Need for Future Research
Although the quantity of simulation-based research has continued to increase steadily,
the quality is highly variable, and further research is sorely needed.[44]
[45] A major barrier to further implementation of simulation in acute care training is
the associated cost. Very few studies provide information on the costs of initiating
and running simulation programs, but this information is necessary for the justification
of this investment in an era of tightening healthcare budgets. For example, Acero
et al reported a cost of $3.8 million in the building of their institution's simulation
center and an additional $1.5 million annually for associated operating expenses.[20] Other financial and administrative burdens requiring further investigation include
the opportunity costs of removing participants from clinical duties and/or occupying
clinical areas (especially operating rooms) for in situ simulations. Finally, as previously
discussed, randomized studies with larger sample sizes and the statistical power to
evaluate the impact of simulations on actual patient outcomes are necessary. Data
illustrating statistically significant changes in patient outcomes, such as length
of stay, would enable more sophisticated cost analyses exploring the utility of wider
implementation of simulation programs. More research on the sustainability of these
outcomes will also be necessary to model the future impact of these investments.
Study Limitations
This study is not without limitations. Although the search process was rigorous, it
is still possible that some relevant studies were missed and therefore not included
in this review. The predefined search strategy may have left out keywords that would
have potentially captured additional relevant studies. For example, the use of the
predefined terms “surgery,” “trauma,” and “critical care” and the subsequent application
of predefined inclusion and exclusion criteria did not yield obstetrics and gynecology
simulation research, although simulated acute care scenarios may be created in this
context. In addition, the review synthesized a relatively small amount of studies
that each had relatively small sample sizes. This potentially limits the strength
and generalizability of conclusions and the accurate identification of themes. However,
the number of studies included is comparable with integrative reviews of similar scope
such as Boling ̀and Hardin-Pierce (17 studies),[5] Gjerra et al (13 studies),[3] and Warren et al (10 studies).[10]
Conclusions
High-fidelity team-based simulation is feasible in a wide variety of acute care settings,
including emergency departments/trauma bays, operating rooms, intensive care units
of multiple types, and inpatient ad hoc resuscitation teams. It is an effective means
of training and/or evaluating multidisciplinary teams in both technical and nontechnical
skills and has the capacity to facilitate organizational- and system-level change.

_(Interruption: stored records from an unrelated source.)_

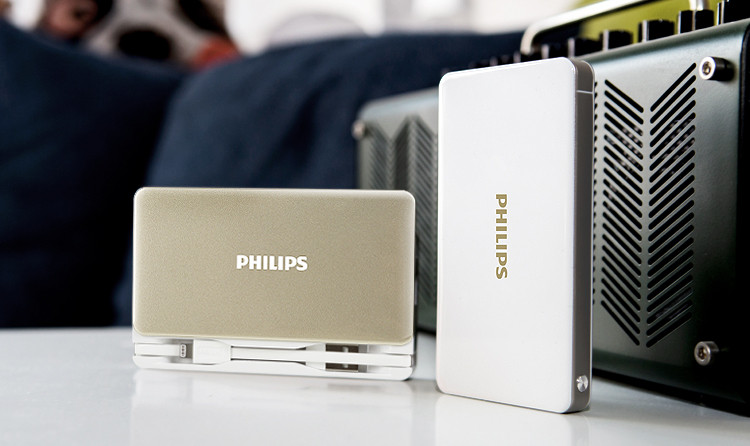 philips/飞利浦 dlp6066充电宝 6000毫安 移动电源 自带苹果lightning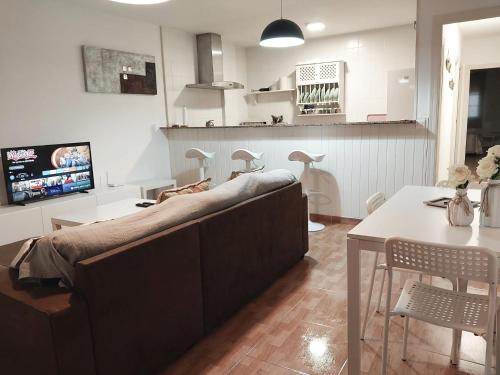 una sala de estar con un sofá y una mesa en Apartamento Urb La Tortuga I, en Tarifa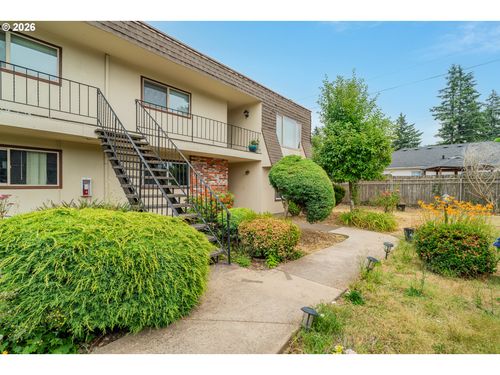 10-18435 Ne Glisan St, Portland, OR, 97230-7277 | Card Image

It is also a way of involving the input of multiple stakeholders and can improve multidisciplinary
teamwork. Studies over the last 10 years have been heterogeneous in both intervention
and evaluation design, and there is still a paucity of validated instruments available
for this context. However, a more standardized approach to team-based simulation is
necessary to generate generalizable conclusions and to provide evidence-based guidance
for future simulation planning. These conclusions could also enhance the role of low-
and medium-fidelity team-based simulation in environments where high-fidelity simulation
is not possible due to logistic or financial reasons. As our understanding of “psychological
fidelity” improves, the elements most critical to developing multidisciplinary teamwork
skills can be reproduced in lower fidelity simulations, such as task trainers, computer-based
systems, and virtual reality systems. Finally, there are currently no studies that
have demonstrated significant improvements in patient outcome metrics, such as mortality
or length of stay. The impact on patient outcomes and the sustainability of simulation
efforts are areas that warrant further research.